╭─ TASK MATERIAL

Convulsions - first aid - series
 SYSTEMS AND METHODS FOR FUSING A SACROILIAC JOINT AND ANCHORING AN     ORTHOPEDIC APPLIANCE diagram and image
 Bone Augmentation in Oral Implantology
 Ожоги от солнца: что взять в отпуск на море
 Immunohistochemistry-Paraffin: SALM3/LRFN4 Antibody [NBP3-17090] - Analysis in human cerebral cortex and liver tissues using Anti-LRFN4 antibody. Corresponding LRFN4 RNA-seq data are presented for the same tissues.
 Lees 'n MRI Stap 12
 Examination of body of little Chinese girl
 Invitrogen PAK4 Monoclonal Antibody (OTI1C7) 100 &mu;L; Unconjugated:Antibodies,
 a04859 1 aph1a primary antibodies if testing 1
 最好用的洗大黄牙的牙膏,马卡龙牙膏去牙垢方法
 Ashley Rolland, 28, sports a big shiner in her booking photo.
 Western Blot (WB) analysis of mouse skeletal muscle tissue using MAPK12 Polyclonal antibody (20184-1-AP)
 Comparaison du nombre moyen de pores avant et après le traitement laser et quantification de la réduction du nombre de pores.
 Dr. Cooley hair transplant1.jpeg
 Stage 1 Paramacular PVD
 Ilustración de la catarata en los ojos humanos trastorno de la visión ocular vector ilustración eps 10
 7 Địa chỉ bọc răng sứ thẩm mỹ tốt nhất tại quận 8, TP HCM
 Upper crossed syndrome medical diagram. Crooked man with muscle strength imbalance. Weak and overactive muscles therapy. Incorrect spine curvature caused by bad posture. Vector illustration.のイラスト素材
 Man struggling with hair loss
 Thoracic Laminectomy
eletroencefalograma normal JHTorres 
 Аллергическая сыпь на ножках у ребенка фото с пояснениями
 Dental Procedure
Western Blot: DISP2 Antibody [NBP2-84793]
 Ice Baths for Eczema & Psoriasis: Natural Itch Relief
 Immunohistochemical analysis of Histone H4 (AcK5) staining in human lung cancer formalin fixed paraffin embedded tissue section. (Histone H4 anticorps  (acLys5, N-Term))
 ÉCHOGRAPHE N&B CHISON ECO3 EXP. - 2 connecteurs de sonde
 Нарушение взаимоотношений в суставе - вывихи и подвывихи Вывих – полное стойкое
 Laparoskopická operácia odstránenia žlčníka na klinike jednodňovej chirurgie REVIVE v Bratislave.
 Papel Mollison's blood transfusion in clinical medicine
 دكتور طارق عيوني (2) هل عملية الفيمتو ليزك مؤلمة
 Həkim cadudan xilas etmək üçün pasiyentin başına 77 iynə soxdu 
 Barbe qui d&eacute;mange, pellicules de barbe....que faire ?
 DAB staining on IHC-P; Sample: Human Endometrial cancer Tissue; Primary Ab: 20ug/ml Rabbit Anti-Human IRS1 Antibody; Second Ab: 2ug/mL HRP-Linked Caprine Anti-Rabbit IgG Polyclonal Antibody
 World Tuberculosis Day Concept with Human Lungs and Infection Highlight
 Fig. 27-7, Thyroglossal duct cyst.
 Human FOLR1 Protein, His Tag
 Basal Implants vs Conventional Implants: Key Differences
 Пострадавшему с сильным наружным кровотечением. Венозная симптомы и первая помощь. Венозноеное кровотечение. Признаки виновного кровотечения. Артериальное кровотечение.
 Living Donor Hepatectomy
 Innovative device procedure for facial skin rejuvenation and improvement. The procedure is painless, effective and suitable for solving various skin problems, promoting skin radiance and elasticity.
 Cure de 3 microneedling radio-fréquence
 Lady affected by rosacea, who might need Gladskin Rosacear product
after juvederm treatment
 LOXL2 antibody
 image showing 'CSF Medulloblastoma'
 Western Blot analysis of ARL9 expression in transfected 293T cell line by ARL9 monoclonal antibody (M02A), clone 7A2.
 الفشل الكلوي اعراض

╰─

> **ACTIVITY**: Every record above must be printed again exactly as it stands.

> **OUTPUT**:
Convulsions - first aid - series
 SYSTEMS AND METHODS FOR FUSING A SACROILIAC JOINT AND ANCHORING AN     ORTHOPEDIC APPLIANCE diagram and image
 Bone Augmentation in Oral Implantology
 Ожоги от солнца: что взять в отпуск на море
 Immunohistochemistry-Paraffin: SALM3/LRFN4 Antibody [NBP3-17090] - Analysis in human cerebral cortex and liver tissues using Anti-LRFN4 antibody. Corresponding LRFN4 RNA-seq data are presented for the same tissues.
 Lees 'n MRI Stap 12
 Examination of body of little Chinese girl
 Invitrogen PAK4 Monoclonal Antibody (OTI1C7) 100 &mu;L; Unconjugated:Antibodies,
 a04859 1 aph1a primary antibodies if testing 1
 最好用的洗大黄牙的牙膏,马卡龙牙膏去牙垢方法
 Ashley Rolland, 28, sports a big shiner in her booking photo.
 Western Blot (WB) analysis of mouse skeletal muscle tissue using MAPK12 Polyclonal antibody (20184-1-AP)
 Comparaison du nombre moyen de pores avant et après le traitement laser et quantification de la réduction du nombre de pores.
 Dr. Cooley hair transplant1.jpeg
 Stage 1 Paramacular PVD
 Ilustración de la catarata en los ojos humanos trastorno de la visión ocular vector ilustración eps 10
 7 Địa chỉ bọc răng sứ thẩm mỹ tốt nhất tại quận 8, TP HCM
 Upper crossed syndrome medical diagram. Crooked man with muscle strength imbalance. Weak and overactive muscles therapy. Incorrect spine curvature caused by bad posture. Vector illustration.のイラスト素材
 Man struggling with hair loss
 Thoracic Laminectomy
eletroencefalograma normal JHTorres 
 Аллергическая сыпь на ножках у ребенка фото с пояснениями
 Dental Procedure
Western Blot: DISP2 Antibody [NBP2-84793]
 Ice Baths for Eczema & Psoriasis: Natural Itch Relief
 Immunohistochemical analysis of Histone H4 (AcK5) staining in human lung cancer formalin fixed paraffin embedded tissue section. (Histone H4 anticorps  (acLys5, N-Term))
 ÉCHOGRAPHE N&B CHISON ECO3 EXP. - 2 connecteurs de sonde
 Нарушение взаимоотношений в суставе - вывихи и подвывихи Вывих – полное стойкое
 Laparoskopická operácia odstránenia žlčníka na klinike jednodňovej chirurgie REVIVE v Bratislave.
 Papel Mollison's blood transfusion in clinical medicine
 دكتور طارق عيوني (2) هل عملية الفيمتو ليزك مؤلمة
 Həkim cadudan xilas etmək üçün pasiyentin başına 77 iynə soxdu 
 Barbe qui d&eacute;mange, pellicules de barbe....que faire ?
 DAB staining on IHC-P; Sample: Human Endometrial cancer Tissue; Primary Ab: 20ug/ml Rabbit Anti-Human IRS1 Antibody; Second Ab: 2ug/mL HRP-Linked Caprine Anti-Rabbit IgG Polyclonal Antibody
 World Tuberculosis Day Concept with Human Lungs and Infection Highlight
 Fig. 27-7, Thyroglossal duct cyst.
 Human FOLR1 Protein, His Tag
 Basal Implants vs Conventional Implants: Key Differences
 Пострадавшему с сильным наружным кровотечением. Венозная симптомы и первая помощь. Венозноеное кровотечение. Признаки виновного кровотечения. Артериальное кровотечение.
 Living Donor Hepatectomy
 Innovative device procedure for facial skin rejuvenation and improvement. The procedure is painless, effective and suitable for solving various skin problems, promoting skin radiance and elasticity.
 Cure de 3 microneedling radio-fréquence
 Lady affected by rosacea, who might need Gladskin Rosacear product
after juvederm treatment
 LOXL2 antibody
 image showing 'CSF Medulloblastoma'
 Western Blot analysis of ARL9 expression in transfected 293T cell line by ARL9 monoclonal antibody (M02A), clone 7A2.
 الفشل الكلوي اعراض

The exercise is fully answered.